A soma dos valores representa um aumento de cerca de R$ 8 bilhões em relação
ao valor recuperado em 2024. “A gente tem, mais uma vez, um recorde na
recuperação do crédito inscrito em dívida ativa”, ressaltou Almeida durante a
apresentação dos resultados.
A transição tributária, tratada como “uma das grandes frentes de recuperação
dos créditos públicos” no relatório publicado nesta terça-feira (10/3), respondeu
por R$ 30,8 bilhões recuperados em 2025. O valor foi alcançado por meio de
826.359 transações nas três modalidades disponíveis (individual, individual
simplificada e adesão).
A quantia referente a créditos inscritos em dívida que foram recuperados também
inclui R$ 478,7 milhões por meio do programa Agora Tem Especialistas, que
possibilita a hospitais privados a troca de dívidas tributárias por atendimentos
médicos especializados, e R$ 1,7 bilhão referentes ao Programa de Transição
Integral (PTI).
Além disso, a procuradoria evitou perdas de R$ 462,2 bilhões em 2025. Desse
valor, R$ 164,2 bilhões tiveram origem em vitórias da Fazenda Nacional em
processos administrativos no Conselho Administrativo de Recursos Fiscais (Carf)

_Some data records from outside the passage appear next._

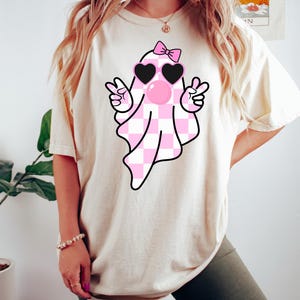 Peut inclure: Un t-shirt blanc avec un fant&ocirc;me &agrave; carreaux rose et blanc portant des lunettes de soleil en forme de c&oelig;ur rose et un n&oelig;ud rose. Le fant&ocirc;me souffle une bulle rose.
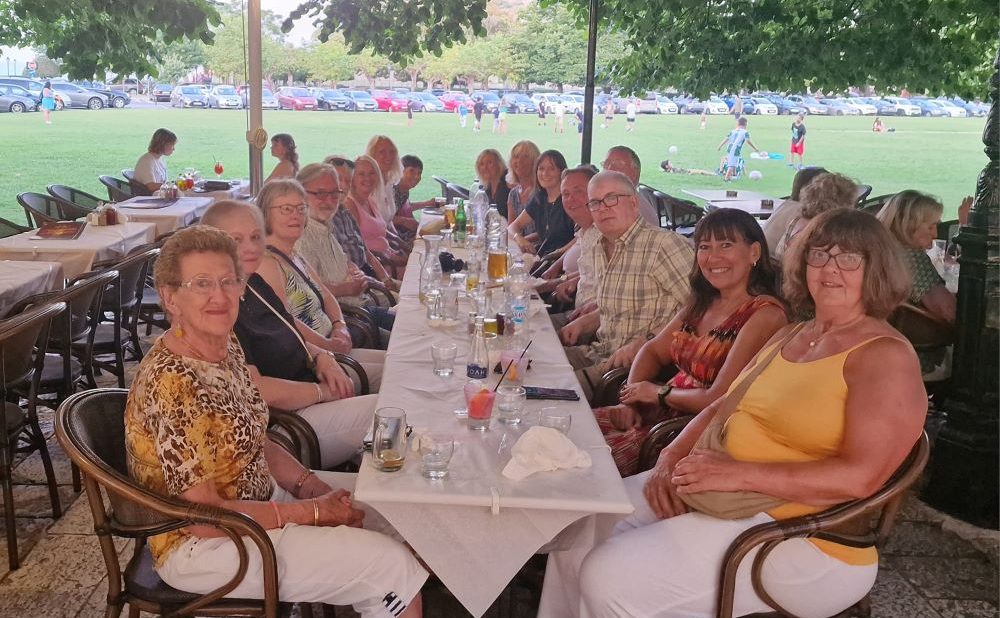 A group of people dining in Corfu, Greece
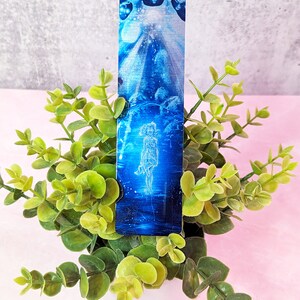 May include: A blue and white bookmark with a woman standing in a field of flowers. The bookmark is made of metal and has a shiny finish.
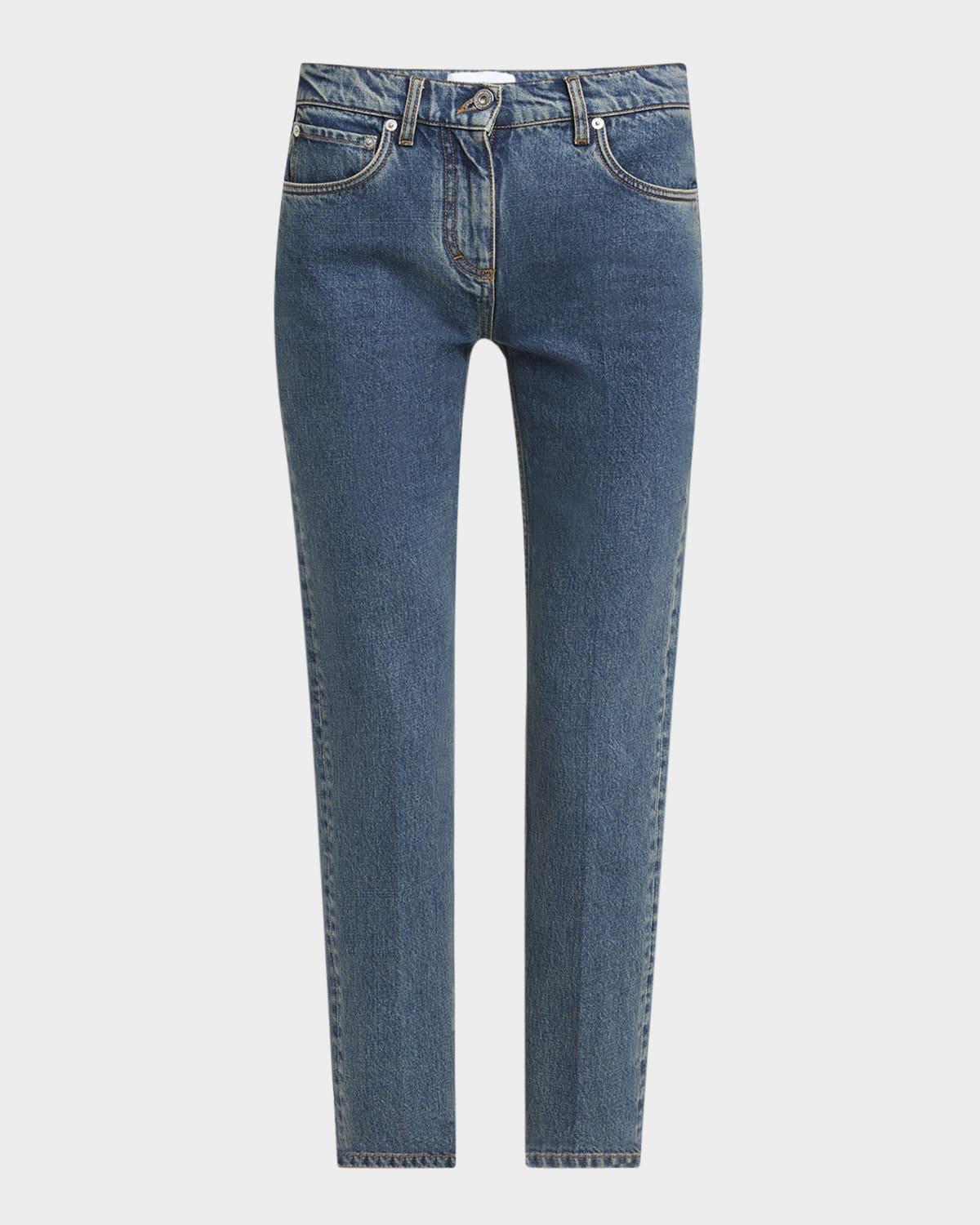laser stone washed denim slim-leg ankle jeans
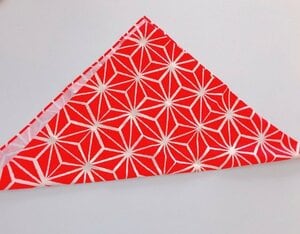 布の四方の端を始末して、三角に折ります。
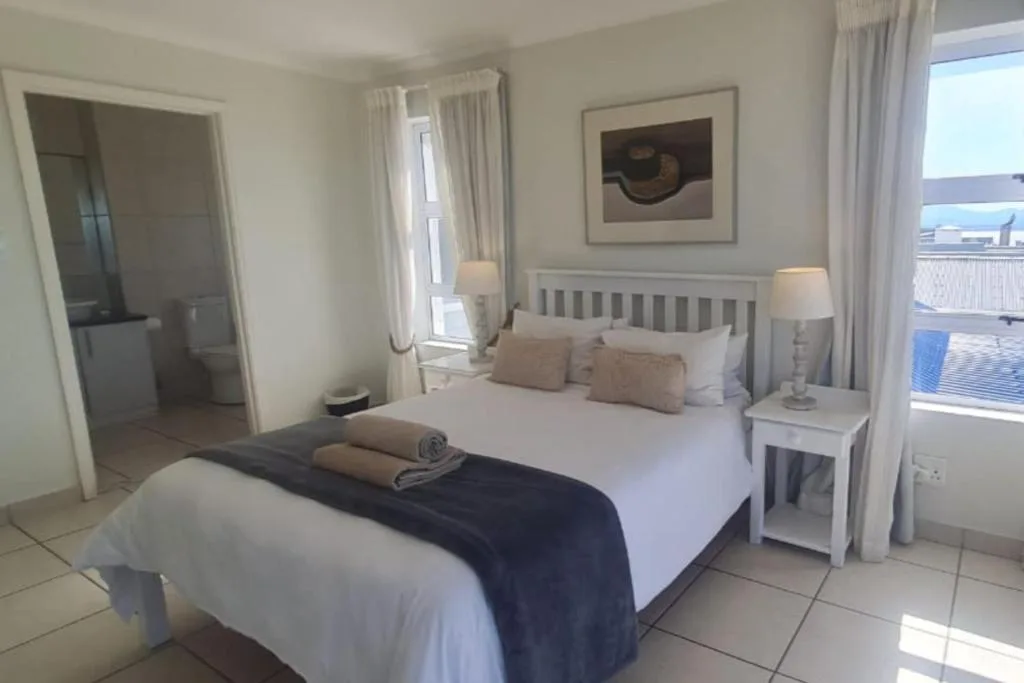 Bright bedroom with queen bed, white headboard, ocean view windows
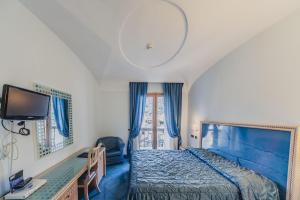 a bedroom with a blue bed and a window at Aragona Palace Hotel & Spa in Ischia Town +40 photos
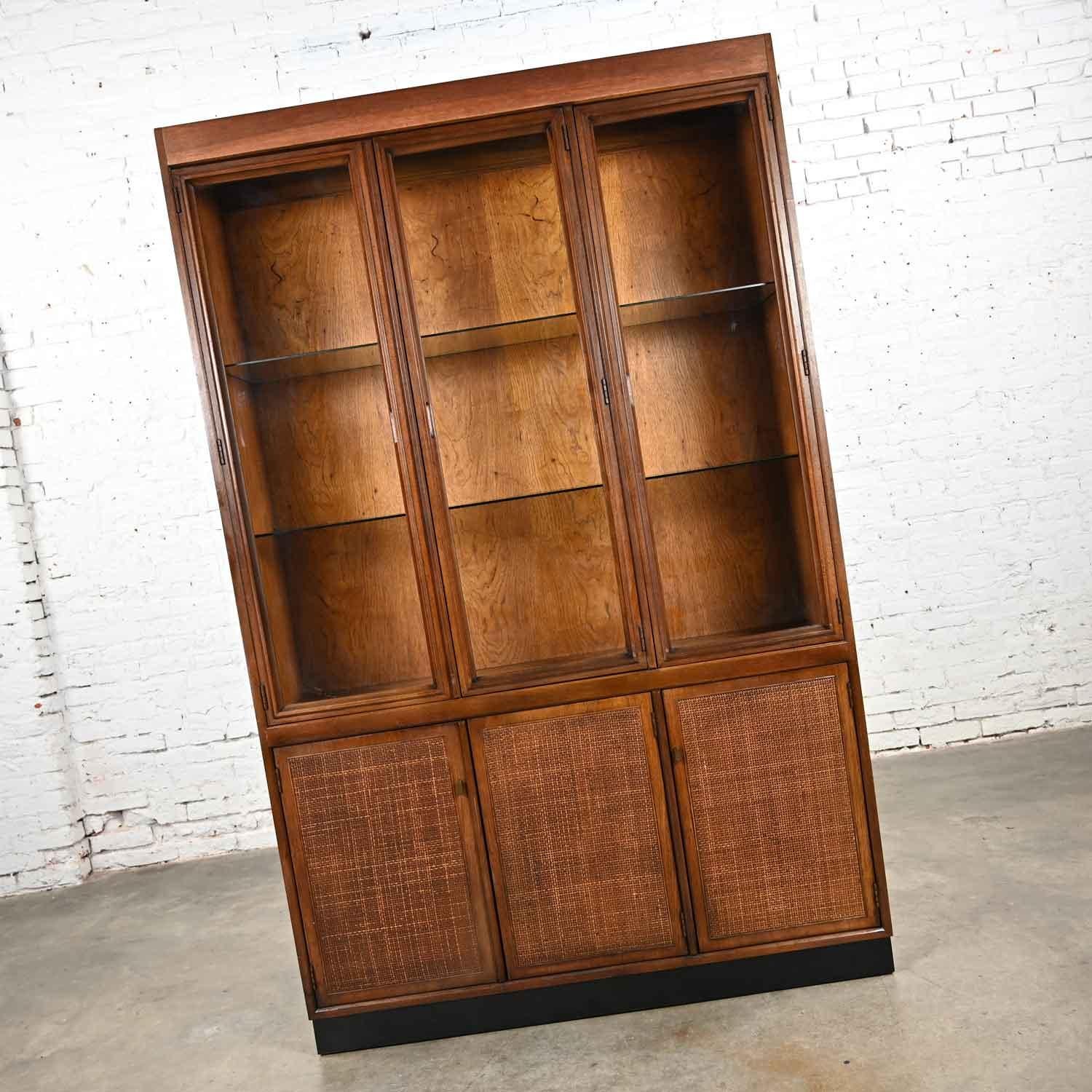 Fabulous vintage Mid-Century Modern 1 piece walnut & radio weave cane front lighted China cabinet, hutch, or display cabinet with glass shelves and brass knobs. Beautiful condition, keeping in mind that this is vintage and not new so will have signs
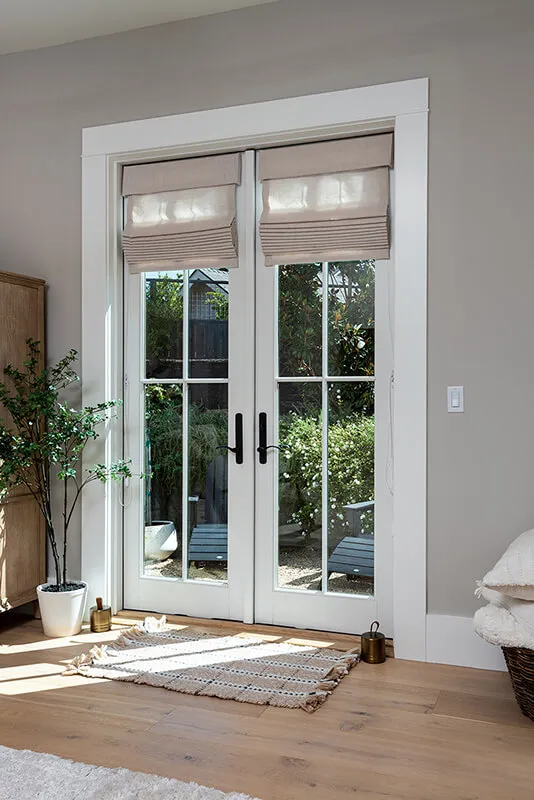 Roman shades on glass doors with black handles.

e R$ 298 bilhões em julgamentos favoráveis à União em casos nos tribunais
superiores.
Em relação ao STF, as maiores perdas evitadas se deram nos seguintes
julgamentos: R$ 153,3 bi com a ADI 4927, que estabeleceu um teto para deduções
de gastos com educação no IRPF; R$ 74,9 bi com o Tema 985, que manteve a
incidência contribuição previdenciária sobre o terço de férias; R$ 60,8 bi com o
Tema 914, que declarou constitucional a incidência ampla da Cide remessas; e R$
3,3 bi com o Tema 1280, que validou a incidência de PIS/Cofins sobre
rendimentos de entidades fechadas de previdência complementar.
Atuação judicial
Durante a coletiva de imprensa, a procuradora-geral adjunta de estratégia e
representação judicial, Raquel Godoy, também comentou as prioridades da PGFN
junto aos tribunais superiores para 2026. Segundo Gosoy, a ADC 98, que trata da
inclusão de tributos na base do PIS e da Cofins, é um grande foco, apesar de não
ser certo que entre em pauta este ano.
Outro tema relevante, e com possibilidade de inclusão em pauta este ano, é o RE
870.214, sobre o lucro de controladas no exterior. Uma derrota da União no caso,
de acordo com a Lei de Diretrizes Orçamentárias (LDO) de 2026, poderia resultar
em um impacto de R$ 22 bilhões aos cofres públicos.